# Jahrelang keine Gebühren abgebucht,Telekom will alles jetzt



## Voodach (26 Mai 2003)

Hi Folks,

ich habe seit mehreren Jahren eine Flat bei T-Online.
War am Anfang noch die ISDN Flat. Dann wurde es zur DSL Flat.
Die Telekom hat eine Einzugsermächtigung von mir und hat auch die Einrichitung für DSL abgebucht.

Danach wurde es erstmal still und es wurden nur noch die Telefonrechnungen abgebucht. Habe icht weiter drauf geachtet, da das ganze ja über ne Einzugsermächtigung lief. Es wurde dann noch einmal 650 Dm von meinem Konto abgebucht, da man plötzlich dachte, daß ich Call by Call ins I-Net gehe. Gld wurde zurückgebucht und alles ok.

Jetzt plötzlich will die Telekom für 2 jahre rückwirkend die Gebühren für den Online Zugang abbuchen. Es geht also um die Flatrategebühren. 

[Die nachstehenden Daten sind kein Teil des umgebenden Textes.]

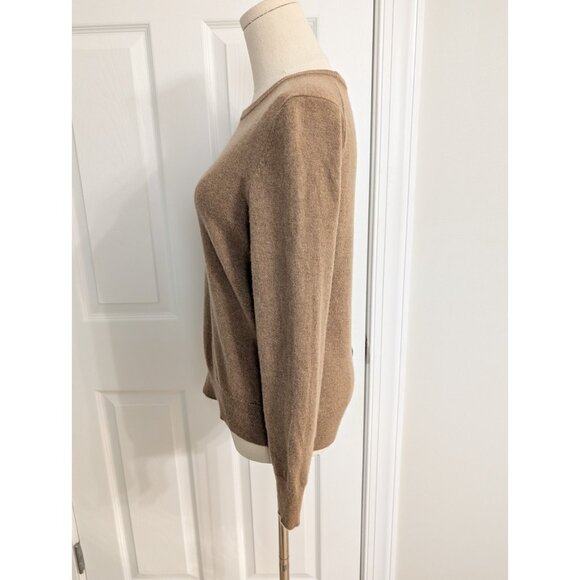 Quince Mongolian Cashmere Crew Neck Sweater Medium Teak Beige - Picture 4 of 11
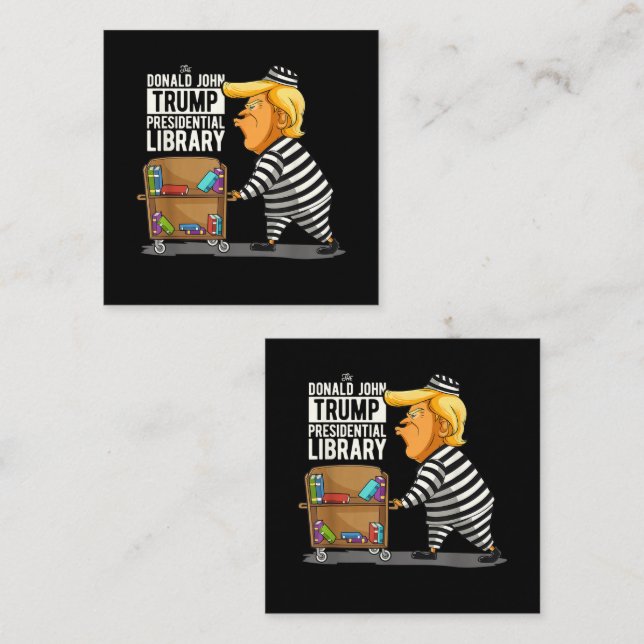 Fängelse Trump Presidential Library Anteckningskort (Fram/baksida)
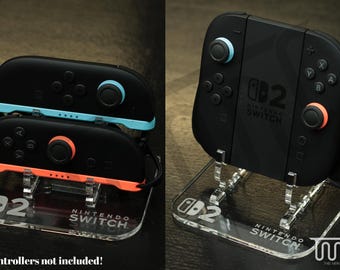 Acrylic Display Stand for Nintendo Switch 2 Joy-Con controller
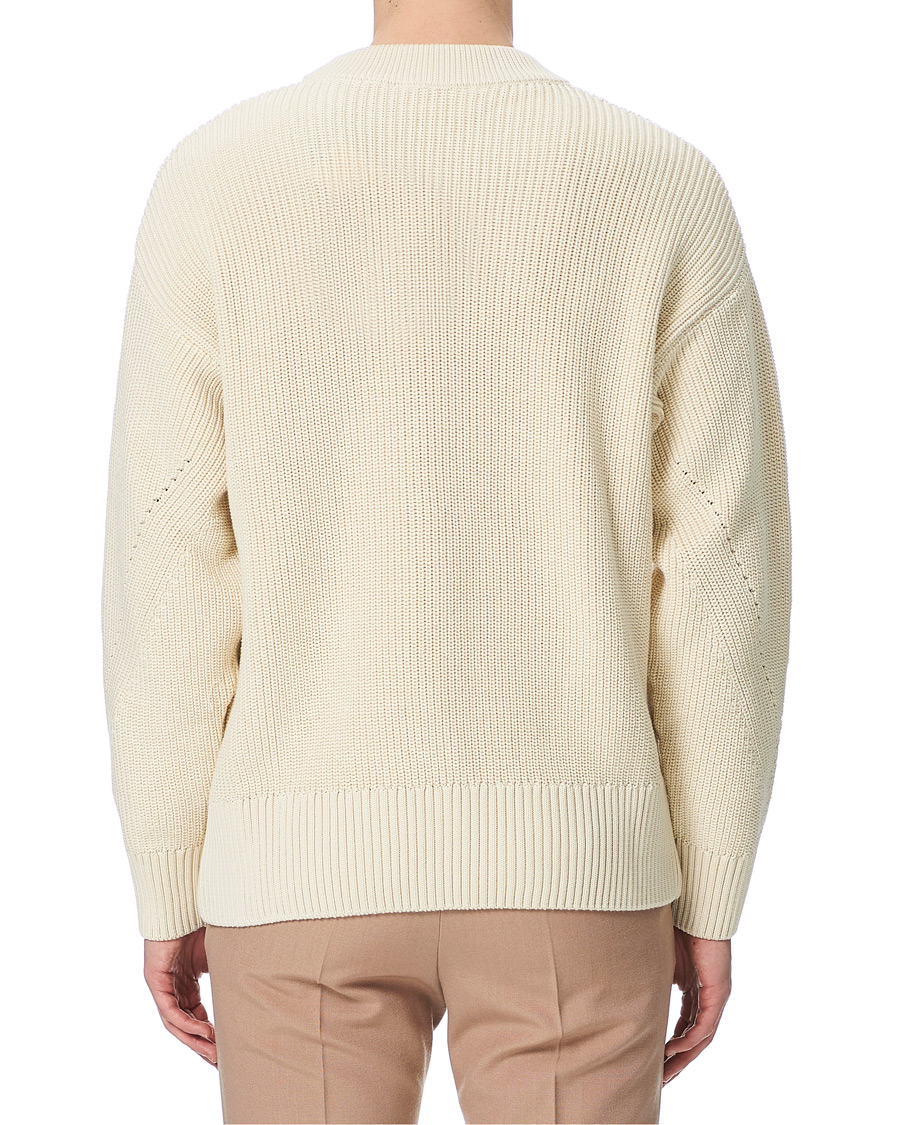 Herren | Pullover | AMI | Rib Stitch Sailor Sweater Off White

Es sind auch noch andere Sachen im argen, da man zwischendurch meinen Tarif ohne Benachrichtigung geändert hat in den 90 Std Tarif.
Ich benutze den T-online ACC nicht und ein Brief kam nie an.

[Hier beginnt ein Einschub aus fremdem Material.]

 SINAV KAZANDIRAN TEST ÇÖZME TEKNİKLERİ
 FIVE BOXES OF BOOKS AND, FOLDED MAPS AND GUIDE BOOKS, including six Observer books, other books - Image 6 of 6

Aber das ist auch nicht so wichtig. 
Meine Frage: Kann die Telekom oder T-Online den Anspruch rechtlich durchsetzen. generell ist es ja so, das zwischen ANSPRUCHHABEN und rechtlich DURCHSETZBAR ein Unterschied besteht.

Hat irgendjemand hier schon seine Erfarungen gemacht, oder weiß etwas darüber (Anwalt, Jurastudent). Nach meinem Wissen darf in diesem Fall eignetlich nur für 3 Montae rückwirkend Geld gefordert werden, da eine Einzugsermächtignung bestand.

Wäre echt dankbar für jede Hilfe.

Gruß,
Voody


----------



## Voodach (30 Mai 2003)

Falls sich hier niemand äußern möchte, poste ich hier einfach mal meine E-Mail Adresse:

[email protected]

Gruß,
Voody


----------



## Der Jurist (30 Mai 2003)

Schau einmal in § 8 der TKV http://bundesrecht.juris.de/bundesrecht/tkv_1998/index.html

Die Verjährung beginnt am Ende des Jahres indem die Forderung entstanden ist.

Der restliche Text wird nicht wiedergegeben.